Among the many interesting papers presented during the conference was the following detailed report written by Ondrej Zlamal on some of the fusion-related devices operated at the Rez Nuclear Research Institute, near the Czech capital, Prague.

(The Editor-in-Chief)

Experimental capacities on LVR-15 research reactor for applied research on fusion components

By Ondřej Zlámal: Centrum Výzkumu Řež s.r.o., Section 8100, Department 8140, Husinec-Řež, čp. 130, 250 68 Řež, Czech Republic, www.cvrez.cz  tel: +420 266 172 337, email: zla@cvrez.cz 

Abstract

Paper introduces experimental devices on LVR-15 reactor with focus on capacities on field of fusion applications. CV Rez is involved in two fundamental R&D activities for fusion devices and ITER, in particular: durability of plasma-facing materials is tested for "Blanket" section and tritium extraction from Pb-Li melt is investigated for "Test Blanket Module" section, both from ITER project.

Paper provides basic insight on TW3 rig, BESTH device and MeLiLo loop, the three testing and experimental devices for fusion. Results, engineering obstacles and achieved goals are presented along with perspectives for future development.    

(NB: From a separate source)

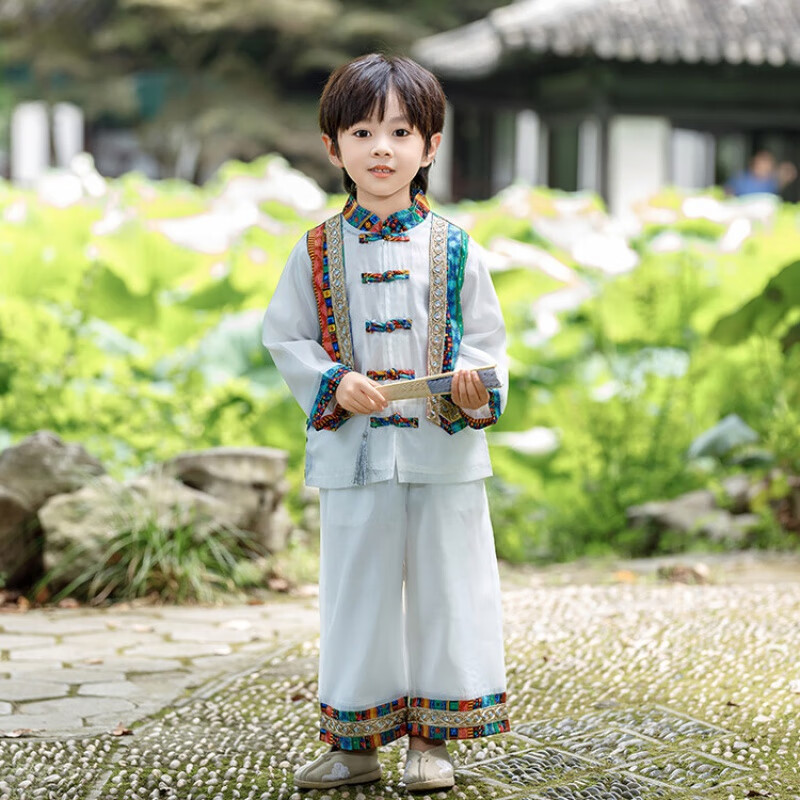 川孩汉服通用童套装异域风情服饰中秋儿童古装舞蹈服装秋季民族风演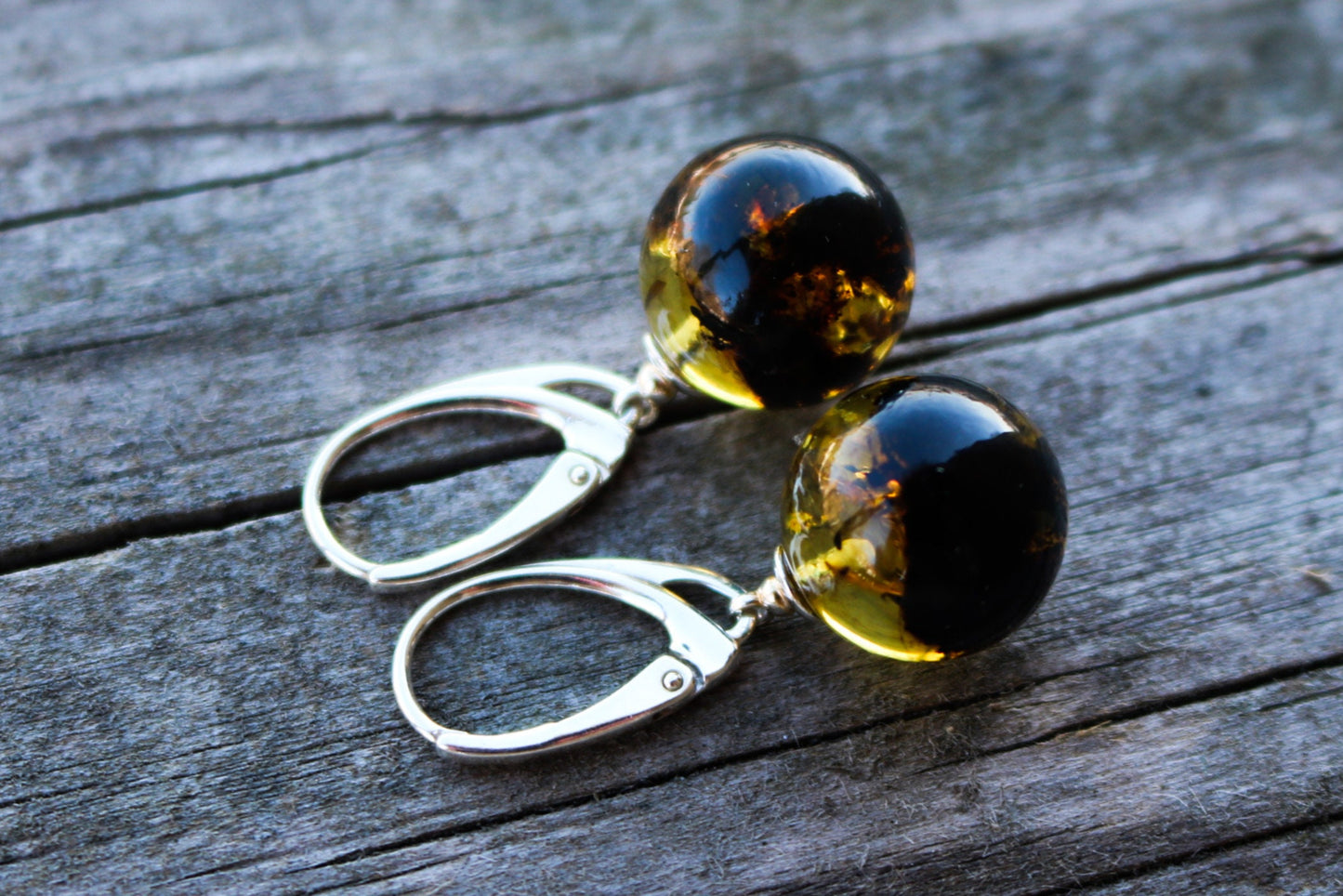 Baltic Amber Earrings Green Ball Natural Dangle 1.34" 4.4 gram 925 silver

Keywords: fusion, LVR-15, experimental devices

  1. Introduction

Centrum Výzkumu Řež s.r.o. (hereinafter referred as Research Centre Rez, abbreviated as RCR), the daughter company and successor of Ústav jaderného výzkumu Řež a.s. (hereinafter referred as Nuclear Research Institute, abbreviated as NRI) on the field of research reactor’s operation and development of experimental devices has extensive experience in exploitation of out-of-pile and in-pile experimental devices for fusion applications. NRI and RCR’s employees gained such experience in several task and grants carried out for EU-based fusion-related agencies such as European Fusion Development Agreement (EFDA) and Fusion For Energy (F4E). Strong background of many years of reactor water loop’s operation should be also taken in account.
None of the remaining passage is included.